A posse de qualquer um diploma universitário deixou de ser um diferencial tão forte e profissões exigentes de maior escolaridade passaram a enfrentar maior competição

Investidores com patrimônio acima de R$ 5 milhões, em bancos menos exigentes, situam-se na classe Private Banking (PB), mas os “bancões” privados exigem acima de R$ 10 milhões. Neste caso, a classe de investidores conhecida como varejo tradicional (VT) tem menos de R$ 1 milhão em volume de negócios e o do varejo de alta renda (VAR) situa-se entre os dois segmentos.

De acordo com a ANBIMA, em 2024, o volume total investido por pessoas físicas nesses segmentos de clientes alcançou R$ 7,3 trilhões. Representou um crescimento de 12,6% em relação ao ano anterior.
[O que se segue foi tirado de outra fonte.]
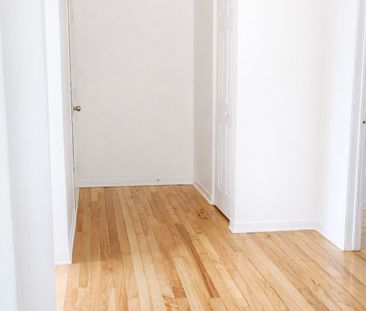 910 Rue Papineau, Laval (Saint-Vincent-de-Paul), QC H7E - Photo 4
Especificamente, o segmento do varejo de alta renda registrou um aumento maior de 15,4%, totalizando R$ 2,57 trilhões, enquanto o varejo tradicional cresceu 13,6%, acima do crescimento médio, atingindo R$ 2,43 trilhões. Juntos, esses dois segmentos somaram R$ 5 trilhões, correspondendo a 68,6% do total investido por pessoas físicas. O segmento de PB, por sua vez, apresentou um crescimento menor de 8,7%, alcançando R$ 2,3 trilhões, representando os 31,5% restantes.

Analisando as evoluções desses segmentos do início da série temporal em 2015 ao fim dez anos após, o varejo tradicional multiplicou sua riqueza coletiva por quase três vezes, de R$ 827 bilhões a R$ 2,427 trilhões, e o varejo de alta renda multiplicou-a por 4,4 vezes, de R$ 586 bilhões a R$ 2,572 trilhões. A multiplicação da fortuna do PB foi de pouco mais de três vezes.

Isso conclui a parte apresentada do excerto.